訪問施術に伺うと、患者さんからよくこんな声をいただきます。
「肩が痛いのに、なんでお腹を触るんですか?」
「お腹は特に何も気になってないんですけど……」
肩こりや腰痛、不眠など、訴えている症状とお腹は一見関係なさそうに思えます。ですが鍼灸師にとって、お腹は体の状態を知るための重要な手がかりです。今回は、症状として自覚がなくてもお腹を触ることでわかることについてお話しします。
お腹を診る「腹診」とは
東洋医学には「腹診」という診察法があります。お腹全体を軽く押したり、なでたりしながら、皮膚の温度、弾力、緊張の具合、押したときの抵抗や痛みの有無などを確認していきます。

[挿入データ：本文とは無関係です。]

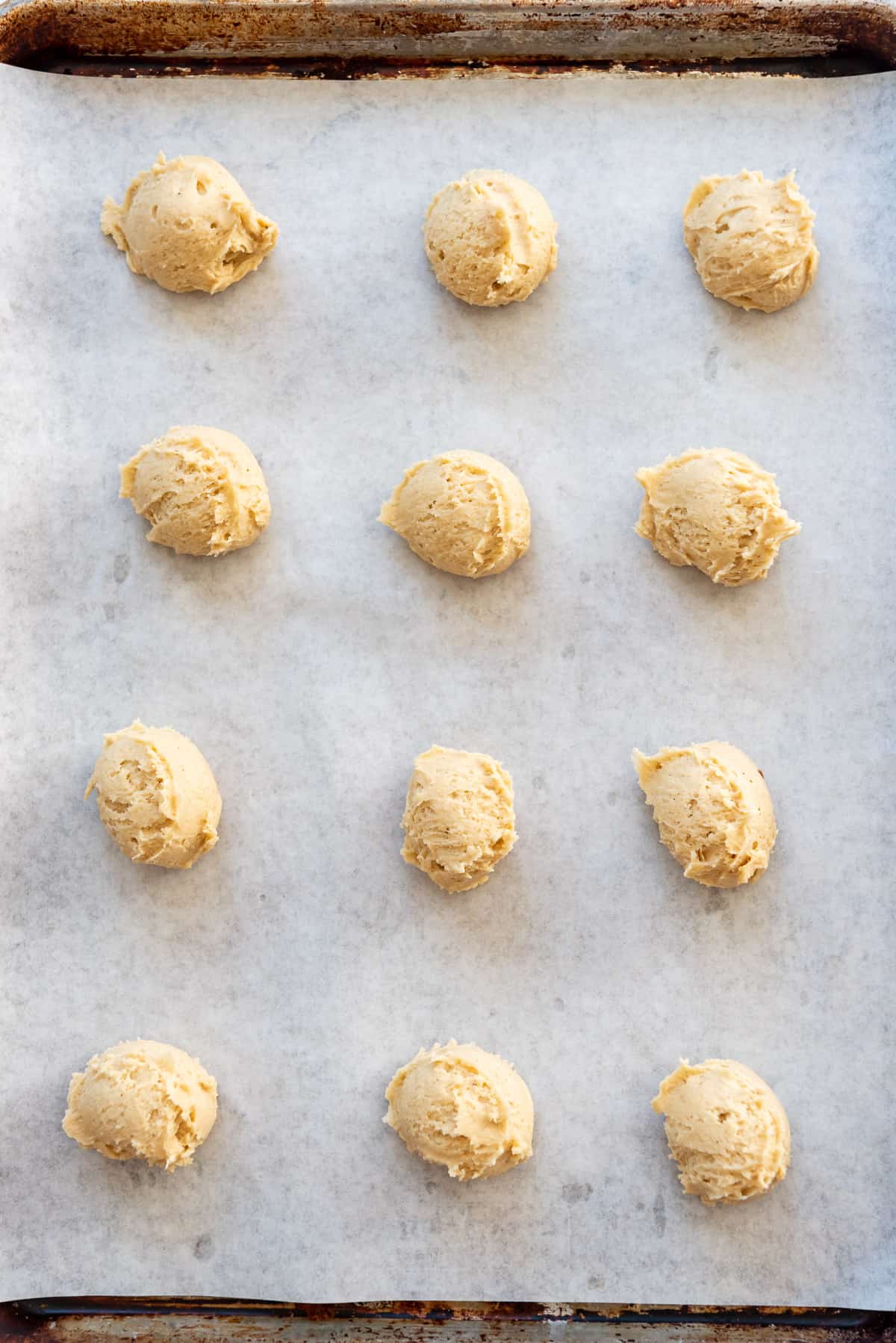 Balls of eggnog cookie dough on parchment paper.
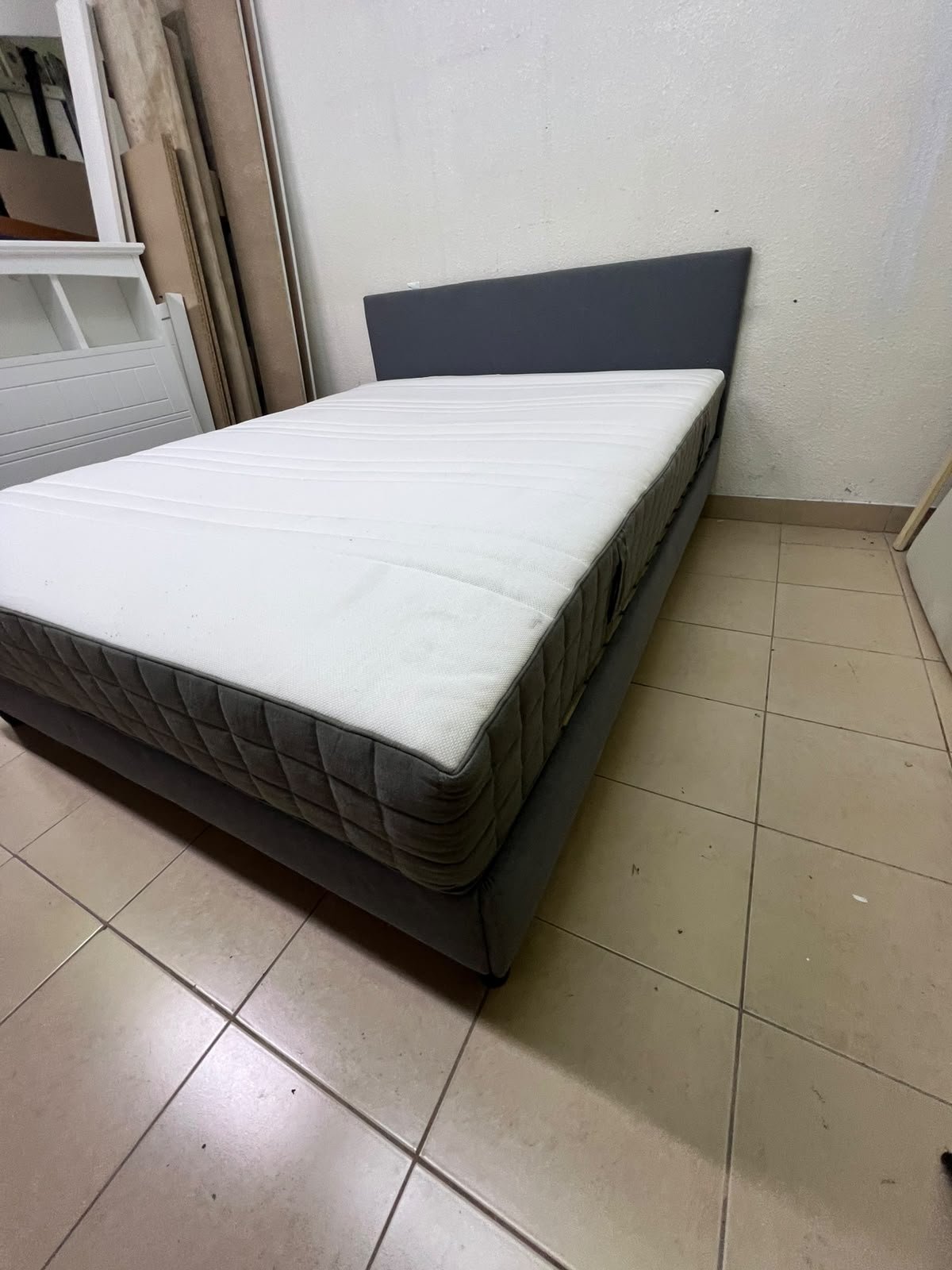 A gray upholstered bed frame with a white mattress and blanket, or a dark gray mattress on the side. - Image 10
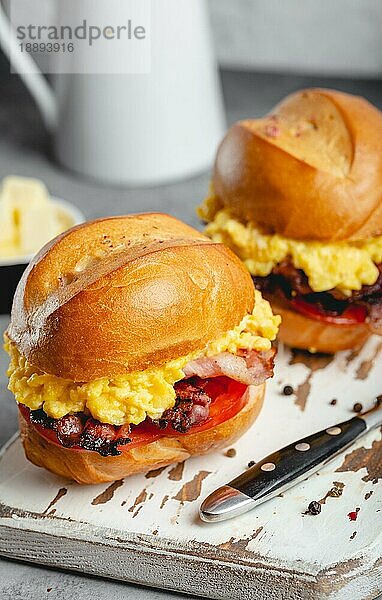 Frühstückssandwiches mit Rührei  Speck  Käse  Tomaten auf weißem Holzbrett  Glas mit frischem Orangensaft  weißer Hintergrund. Frühstück machen Konzept  selektiver Fokus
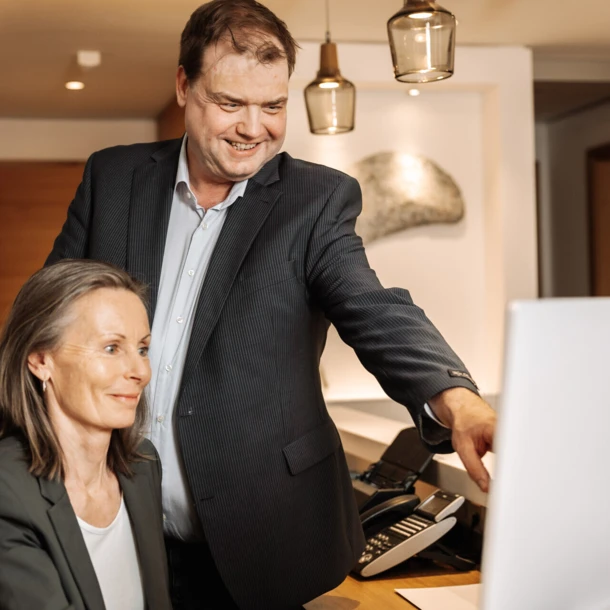 Ein Mann und eine Frau sitzen am Schreibtisch und betrachten gemeinsam einen Computerbildschirm im Hotel Klosterhof.
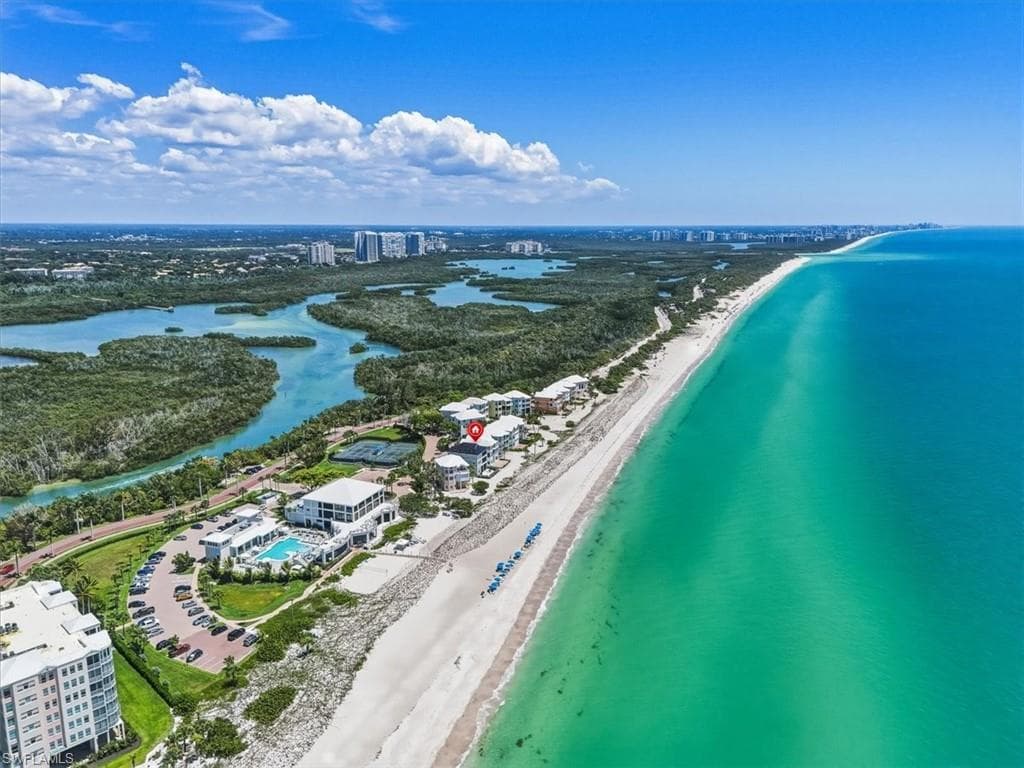 Coastal property featuring direct beach frontage, expansive white sand shoreline, and clear turquoise waters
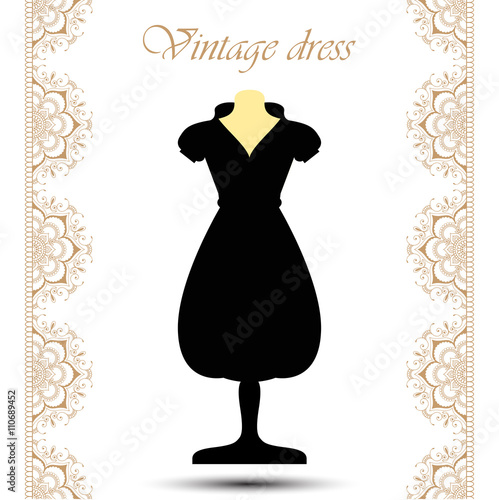 Vintage black short dress on mannequin with line lace borders for icon.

東洋医学では、体は互いに影響し合う一つのまとまりとして捉えられており、内臓の状態や気血の巡りは、お腹の状態に現れると考えられています。肩や腰など離れた場所の不調であっても、その根本にある体全体のバランスの乱れが、お腹に表れていることが少なくありません。
症状の自覚がなくてもわかること
お腹に痛みや張りなどの自覚症状がなくても、実際に触れてみると次のようなことがわかる場合があります。
- 冷えの分布
お腹の中でも、みぞおち・へその周り・下腹部で温度が違うことがあります。本人が「冷えている」と感じていなくても、触れると特定の部位だけひんやりしていることは珍しくありません。 - 硬結(こわばり)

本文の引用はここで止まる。